*Task brief*
Go over the data below line by line, and state how many lines contain the string "Image". Give the number only.

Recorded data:
[Start of section]

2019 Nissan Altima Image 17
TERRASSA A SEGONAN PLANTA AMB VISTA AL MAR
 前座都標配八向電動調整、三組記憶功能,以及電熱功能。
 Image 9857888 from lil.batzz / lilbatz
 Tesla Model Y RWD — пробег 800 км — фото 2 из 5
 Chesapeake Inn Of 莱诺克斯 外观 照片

[End of section]

*The completed task*
2